#### Required action
Where the listing shows an image, skip it and output all other material unchanged.

#### Data provided
□ □ □ □ □ □ □

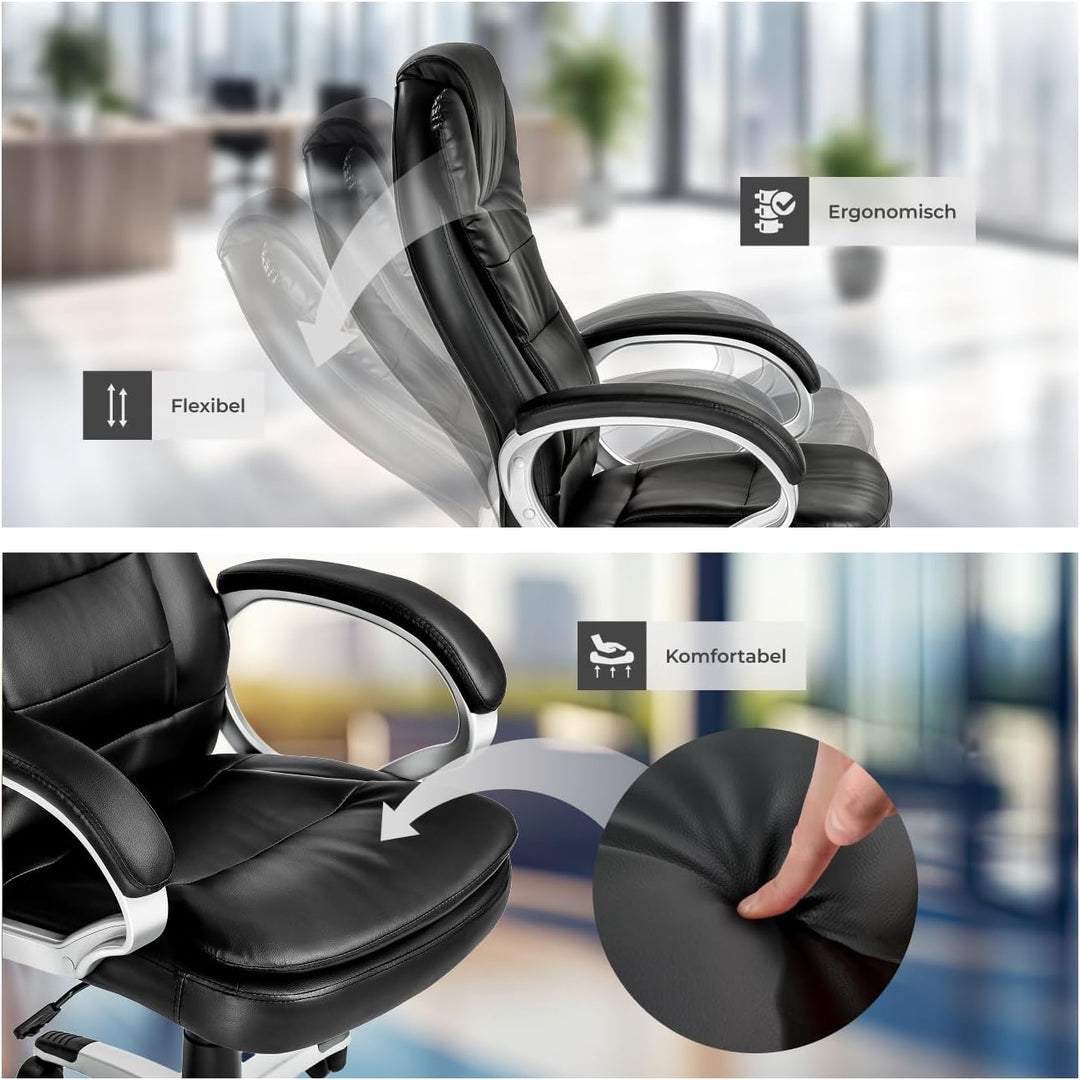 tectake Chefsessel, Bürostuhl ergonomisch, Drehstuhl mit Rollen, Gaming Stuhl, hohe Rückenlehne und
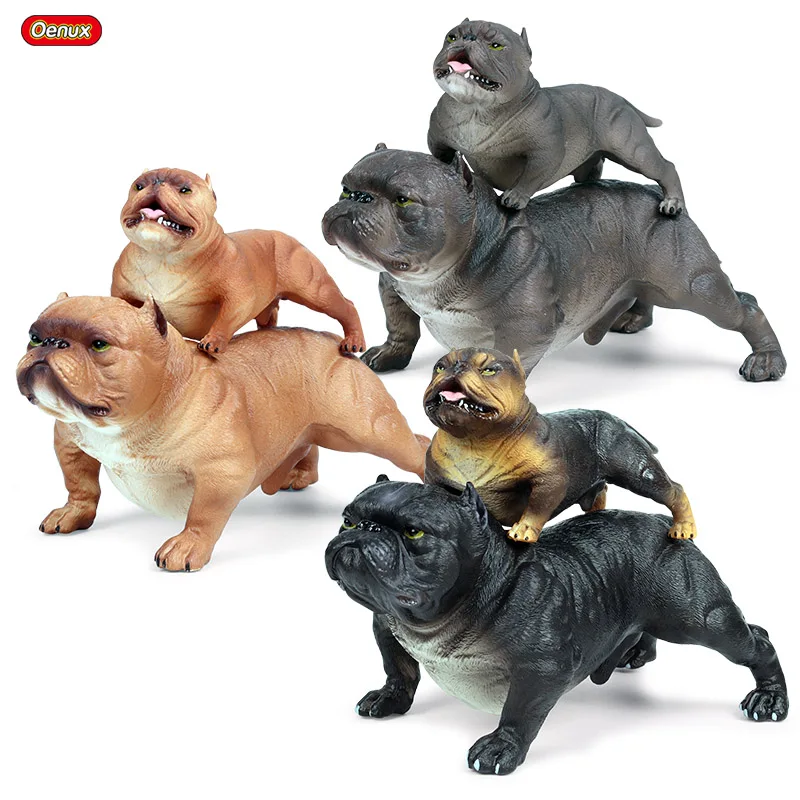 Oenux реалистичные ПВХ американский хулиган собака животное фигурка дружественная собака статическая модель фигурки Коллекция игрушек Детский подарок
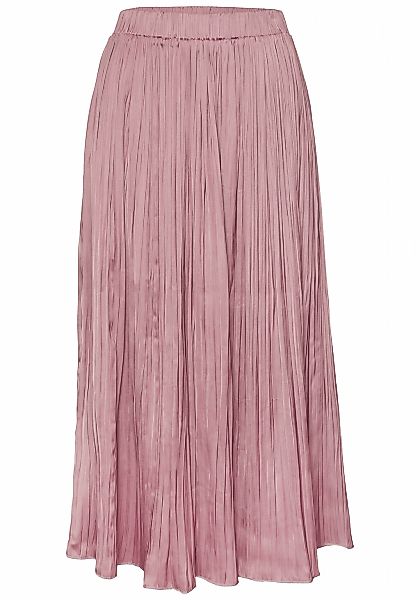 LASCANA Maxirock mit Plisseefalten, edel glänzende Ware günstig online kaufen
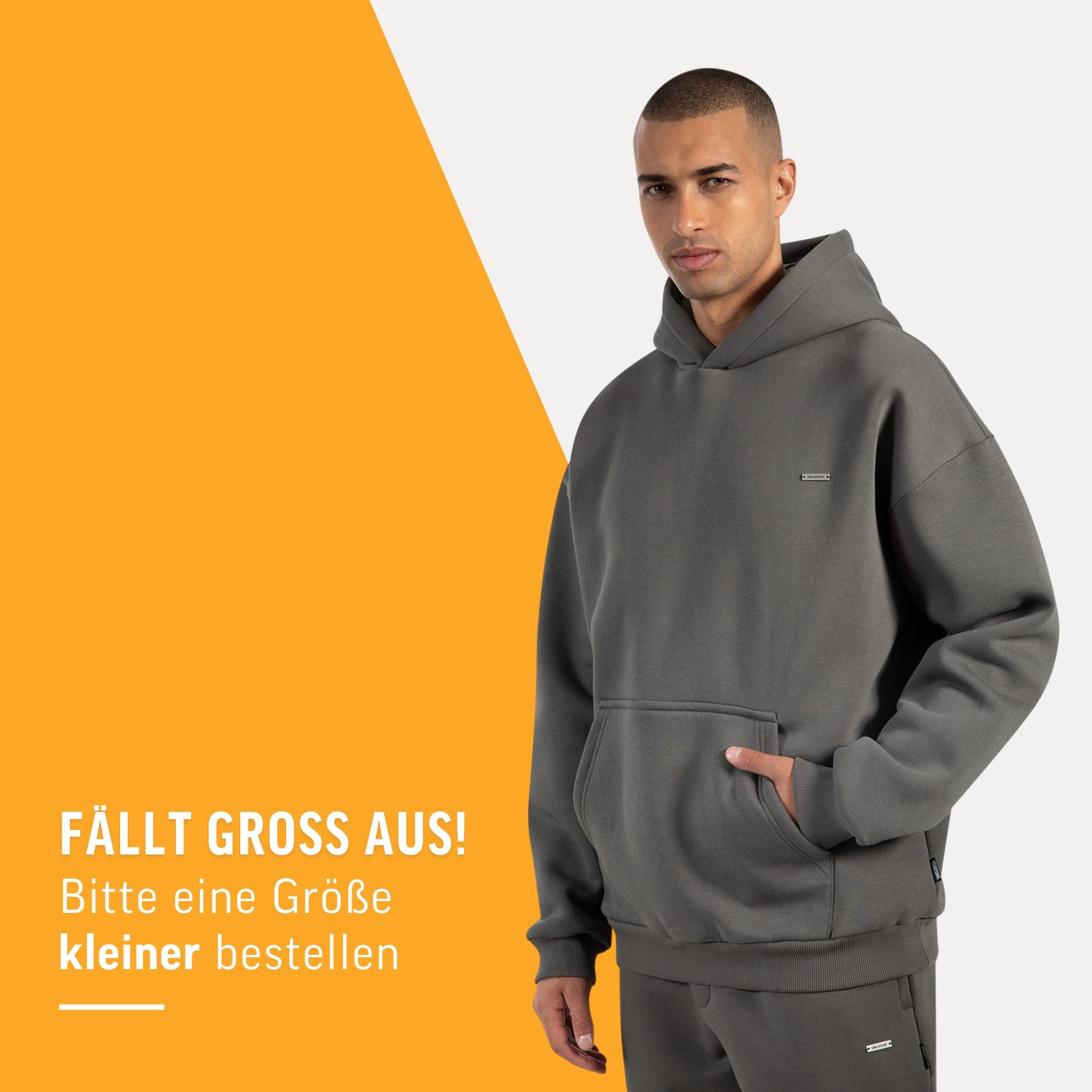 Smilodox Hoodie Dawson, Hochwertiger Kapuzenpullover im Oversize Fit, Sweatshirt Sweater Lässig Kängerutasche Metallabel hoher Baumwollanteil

□ □ □ □ □ □ □

#### Solution to this exercise
 tectake Chefsessel, Bürostuhl ergonomisch, Drehstuhl mit Rollen, Gaming Stuhl, hohe Rückenlehne und
 Oenux реалистичные ПВХ американский хулиган собака животное фигурка дружественная собака статическая модель фигурки Коллекция игрушек Детский подарок
 LASCANA Maxirock mit Plisseefalten, edel glänzende Ware günstig online kaufen
 Smilodox Hoodie Dawson, Hochwertiger Kapuzenpullover im Oversize Fit, Sweatshirt Sweater Lässig Kängerutasche Metallabel hoher Baumwollanteil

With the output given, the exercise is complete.